Regional news programmes were shown in place of the dramatic climax to events at the Fila Forum, where Gaudenzi saved a match point and was then forced to retire because of a torn shoulder ligament when serving at 6- 6, 0-30.
This was not the first example of Swedish television pulling the plug on the Davis Cup. The match between Thomas Enqvist and Italy's Renzo Furlan during last year's semi-final was cut for a children's programme, and none of the monumental 1996 final against France in Malmo was shown live.
"It seems that they don't understand what the Davis Cup... means to people," said Jan Francke, president of the Swedish Tennis Federation, who is among the contenders to succeed Brian Tobin as president of the International Tennis Federation next July.
Tobin saw Swedish television's action as part of a wider problem. "We love exciting five-set matches like we had here on the first day," he said. "Great drama, great stuff. Swedish television knocked off in the fifth set and and didn't finish the match because of time constraints. That's not very good from their point of view. But, again, it leads home to the fact that we have to try to contain the matches into some sort of reasonable period."

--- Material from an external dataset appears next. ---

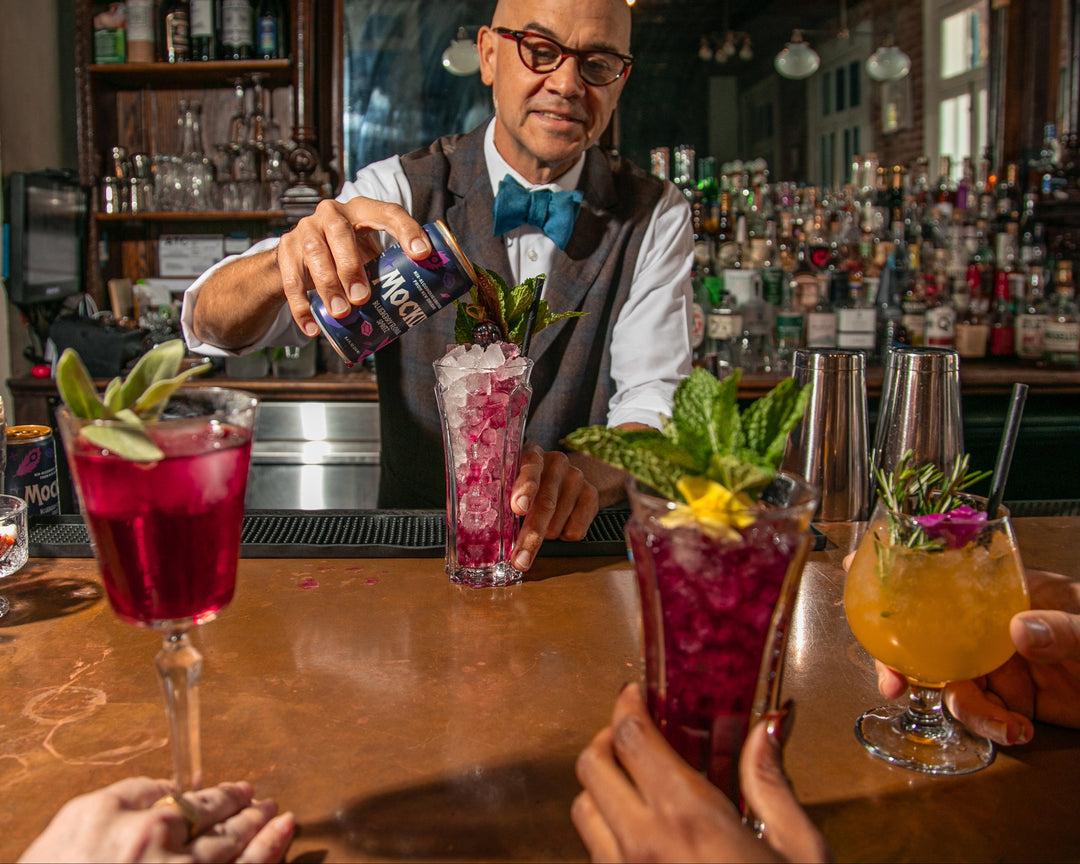 Bartender preparing cocktails at a bar with patrons holding drinks.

The Davis Cup Committee is considering a proposal to have three-set singles matches for the first two rounds of the competition and five-set singles matches for the semi-finals and final. The doubles matches - the only contest played on the second day - would continue to be played over five sets.
"We're looking into that proposal [for 2001]," Tobin said. "It's out of deference to the players to some extent, their schedule. It's out of deference to the time people sit, and to the television time you can get."
Tobin was asked if there was not a danger of damaging the purity of the game. "That's the fear," he agreed. "Neale Fraser [an Australian member of the Davis Cup Committee], who captained in Davis Cup matches, will tell you that stamina and fitness is a big component of being able to win tennis matches. He believes that five-set matches are the ultimate test. He's weakening, though."
Fraser's idea is to play two three-set matches on the opening day while retaining five sets for the doubles and "live" reverse singles.
Tobin, emphasising that the committee is "only discussing options", added that another proposal was to reduce the number of teams in the elite World Group from 16 to 14.
"What does that do? It gives the two finalists [from the previous year] a bye. Sometimes you win the Davis Cup in December and you lose it in February. It would supposedly give the top players one match less in a year, one week less. Does that get [Pete] Sampras, or whoever, to play? I don't know.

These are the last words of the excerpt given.